■ Required action: Exactly the lines from the line containing "600 mg aged" through the final line of the entries below must be returned, and only those, without pictures.

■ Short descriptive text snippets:
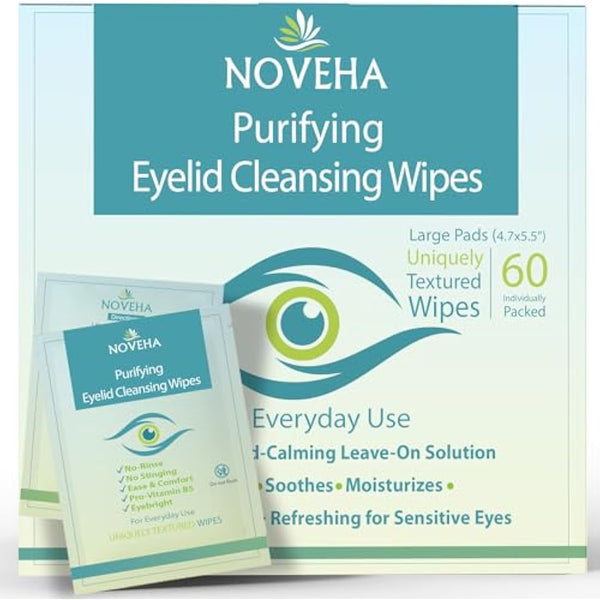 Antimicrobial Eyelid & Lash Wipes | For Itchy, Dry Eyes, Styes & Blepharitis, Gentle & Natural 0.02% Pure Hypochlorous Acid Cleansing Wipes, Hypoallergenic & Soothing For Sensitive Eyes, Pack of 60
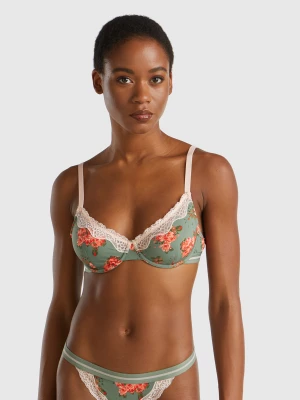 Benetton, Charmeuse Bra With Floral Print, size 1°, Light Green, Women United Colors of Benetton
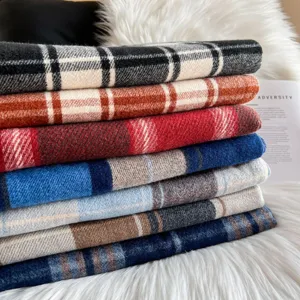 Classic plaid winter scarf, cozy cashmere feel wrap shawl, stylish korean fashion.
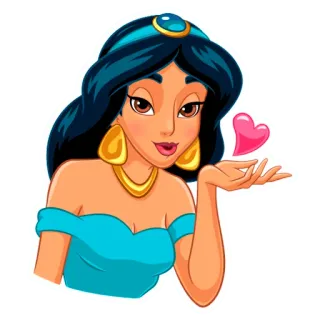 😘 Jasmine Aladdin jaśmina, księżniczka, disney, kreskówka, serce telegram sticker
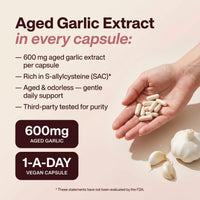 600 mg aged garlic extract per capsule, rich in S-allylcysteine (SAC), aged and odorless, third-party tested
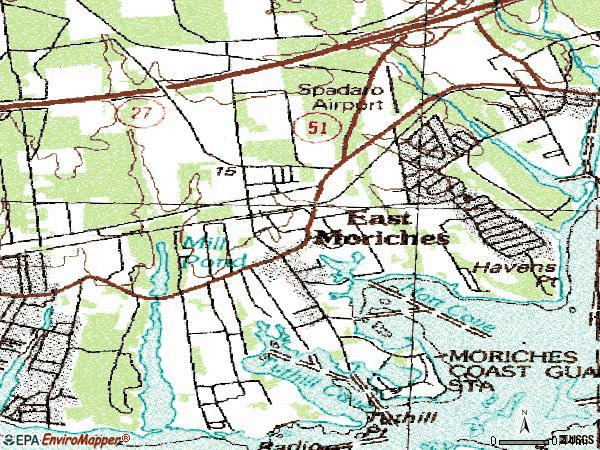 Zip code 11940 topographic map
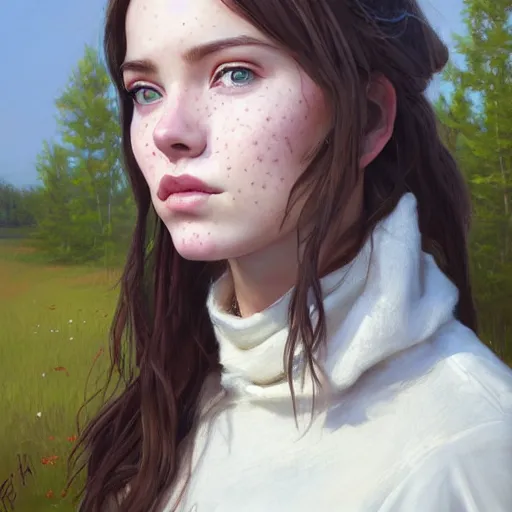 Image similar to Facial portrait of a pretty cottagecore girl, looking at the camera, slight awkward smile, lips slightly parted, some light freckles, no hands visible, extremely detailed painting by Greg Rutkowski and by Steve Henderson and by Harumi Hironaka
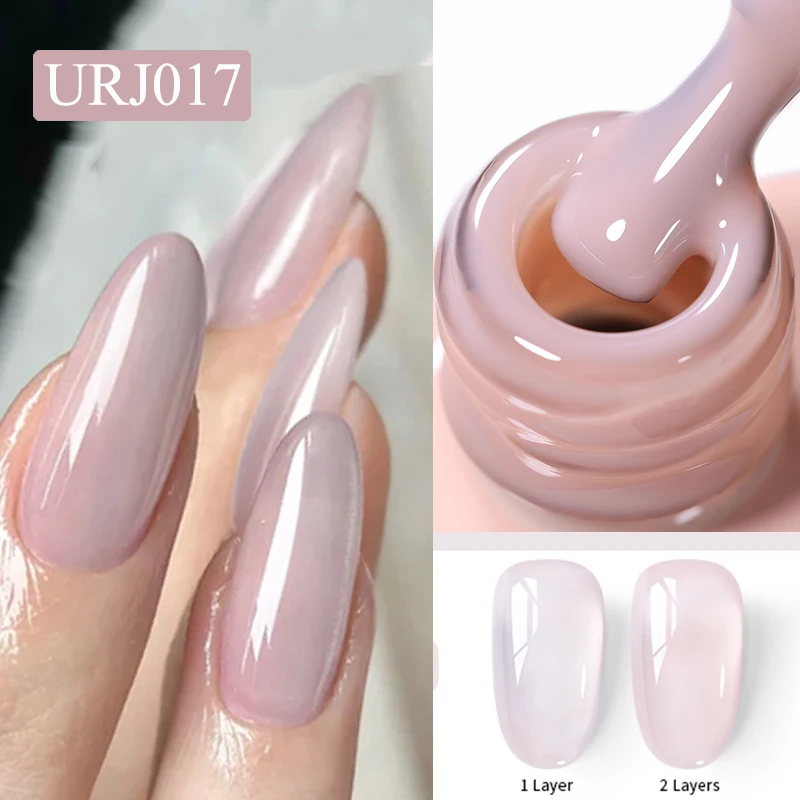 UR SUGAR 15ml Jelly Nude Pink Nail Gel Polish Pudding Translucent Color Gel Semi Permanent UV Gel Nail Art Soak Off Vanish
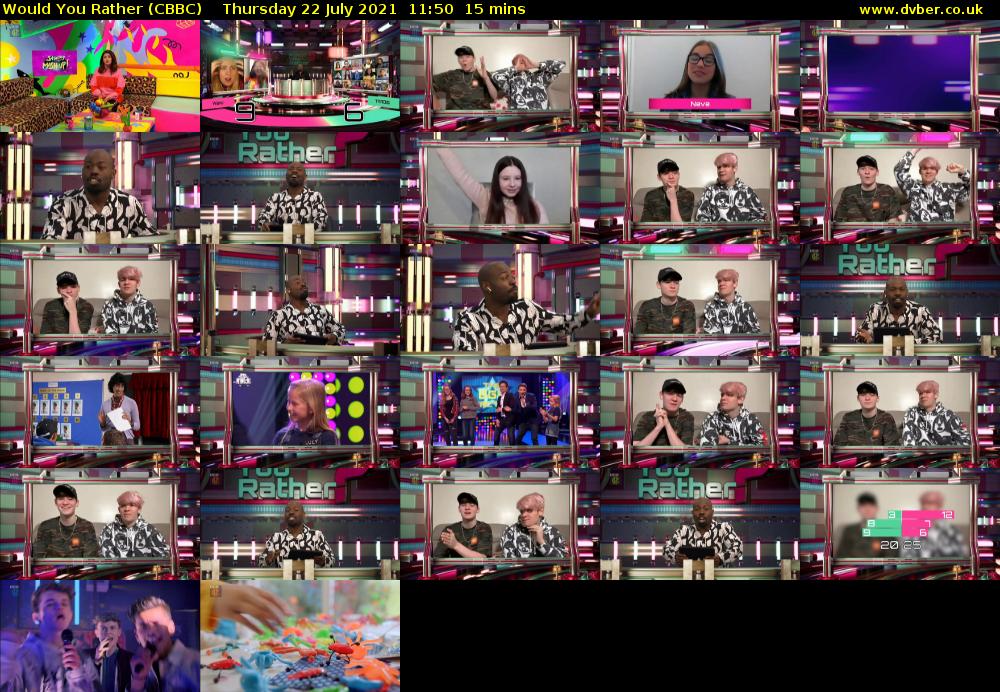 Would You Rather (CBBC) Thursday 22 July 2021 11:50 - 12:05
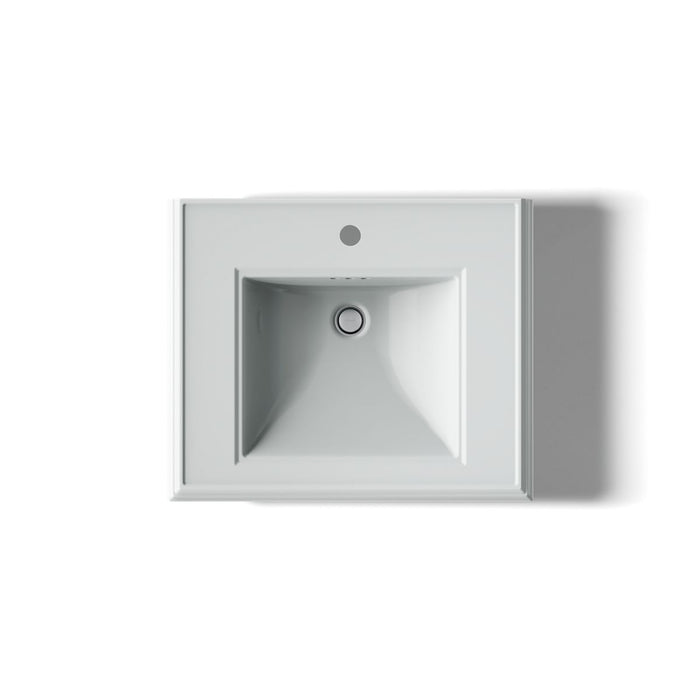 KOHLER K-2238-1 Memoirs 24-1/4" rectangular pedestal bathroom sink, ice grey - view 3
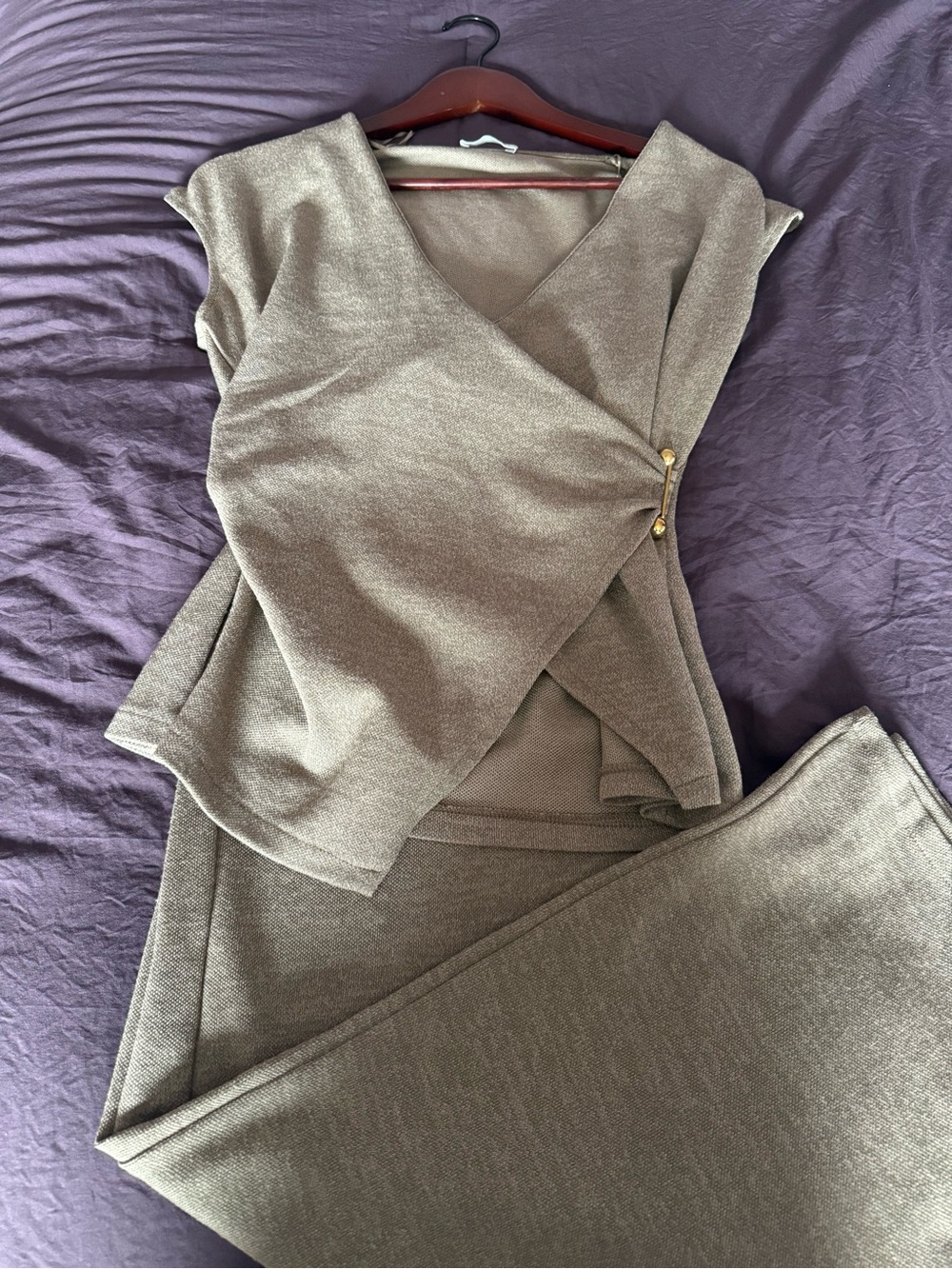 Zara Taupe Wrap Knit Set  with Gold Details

■ Finished exercise:
 600 mg aged garlic extract per capsule, rich in S-allylcysteine (SAC), aged and odorless, third-party tested
 Zip code 11940 topographic map
 Image similar to Facial portrait of a pretty cottagecore girl, looking at the camera, slight awkward smile, lips slightly parted, some light freckles, no hands visible, extremely detailed painting by Greg Rutkowski and by Steve Henderson and by Harumi Hironaka
 UR SUGAR 15ml Jelly Nude Pink Nail Gel Polish Pudding Translucent Color Gel Semi Permanent UV Gel Nail Art Soak Off Vanish
 Would You Rather (CBBC) Thursday 22 July 2021 11:50 - 12:05
 KOHLER K-2238-1 Memoirs 24-1/4" rectangular pedestal bathroom sink, ice grey - view 3
 Zara Taupe Wrap Knit Set  with Gold Details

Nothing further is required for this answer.